A glória política é feita de instantes. De momentos de brilho. Vivem das luzes da ribalta, das pequenas vaidades, dos aplausos, até os grandes momentos de excepcionais vitórias. Os políticos estão sempre expostos. Não têm o direito de falar baixo. Tudo que falam se exige que seja alto, que chegue aos ouvidos de todos, que eles não tenham privacidade, que não tenham fraquezas e defeitos. Ninguém os vê com grandeza nem compreensão. Devem ser sempre homens frios, quase de pedra, e muitas vezes de lama, por isso nunca os perdoam e os vêem com olhos de impiedade. É preciso que sofram, que sangrem, para que se compreenda que também são feitos de carne e osso. Joaquim Nabuco dizia que no Brasil era preciso que os políticos morressem para que suas qualidades fossem reconhecidas e tivessem justiça. Falo dos políticos, não dos que falsificam o ideal político.

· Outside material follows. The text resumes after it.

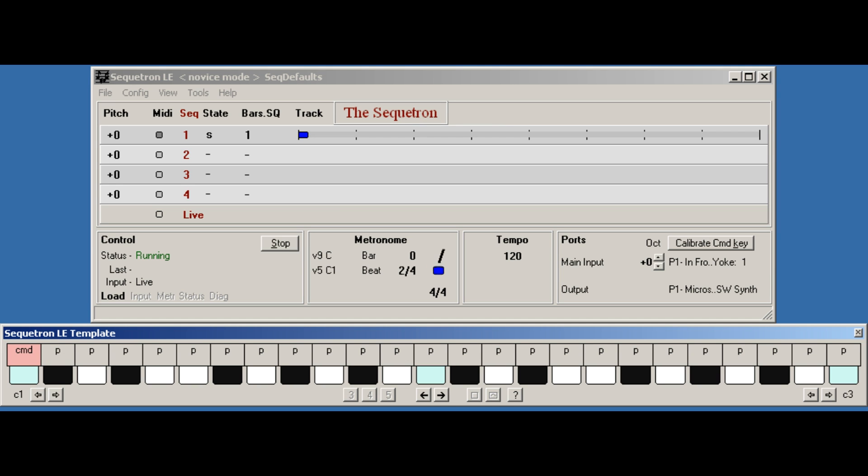This is part two of the Sequitron test drive. We left part one with the Sequitron installed and running in live mode. All keys are playable except the command key, and this is the normal state for the program.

Mário Covas mostrou que os políticos são feitos de carne e osso. São frágeis como todos os corpos e têm almas. A bravura com que enfrentou e o destino tornou-o objeto de respeito.

Tenho a isenção de quem não está entre seus legionários, mas do ser humano capaz de comover-se. Recordo-me de quando, em 1962, Covas chegava à Câmara dos Deputado,s em Brasília, nenhum de nós sabendo aonde o destino nos levaria. Éramos jovens e Saulo Ramos me dizia do seu talento político, que vinha das lutas de sua base eleitoral, Santos.

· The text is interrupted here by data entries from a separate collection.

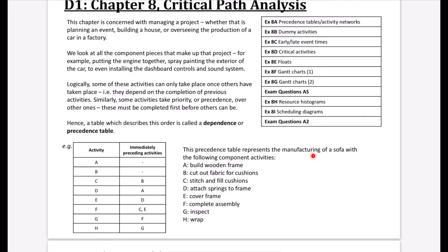This precedence table represents the manufacturing of a sofa. Activity E has D as its immediately preceding activity — to cover the frame, the springs must have been attached first. So it goes: build the wooden frame (A), attach the springs to the frame (D), then cover the frame (E). Activity C depends on B, and activity F depends on both C and E — completing the assembly requires the cushions to be filled and the frame to be covered.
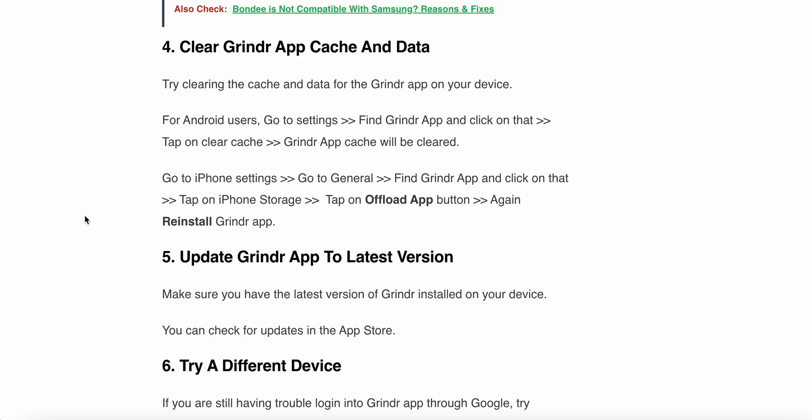For iPhone users, go to iPhone Settings, find the Grindr app and click on it. Then tap on iPhone Storage, tap on the offload app button, and then reinstall the Grindr app.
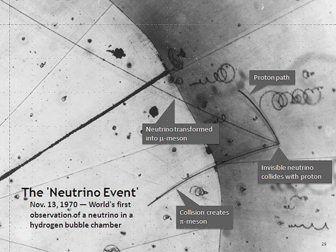Neutrinos cannot be detected directly, because they do not ionize the materials they are passing through, do not carry electric charge, and other proposed effects like the MSW effect do not produce traceable radiation. A unique reaction to identify antineutrinos, sometimes referred to as inverse beta decay, requires a very large detector to detect a significant number of neutrinos. All detection methods require the neutrinos to carry a minimum threshold energy. Neutrino detectors are often built underground to isolate the detector from cosmic rays and other background radiation.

Com o mesmo ímpeto daqueles anos, vi-o, depois, desafiando o infortúnio e buscando forças no espírito, pelejando contra o destino, mas não esquecendo que o mais importante é “a graça da vida”.

Comecei a escrever citando o Livro de Jó. Este não sucumbiu à tentação de amaldiçoar o sofrimento, blasfemar contra Deus, odiar seus inimigos. O destino o feriu de todas as maneiras, mas ele resistiu porque era “sincero, reto e temente a Deus”.

Mário Covas nos deu exemplo de uma grande lição. E mais vale ensinar pelo exemplo do que pelas palavras.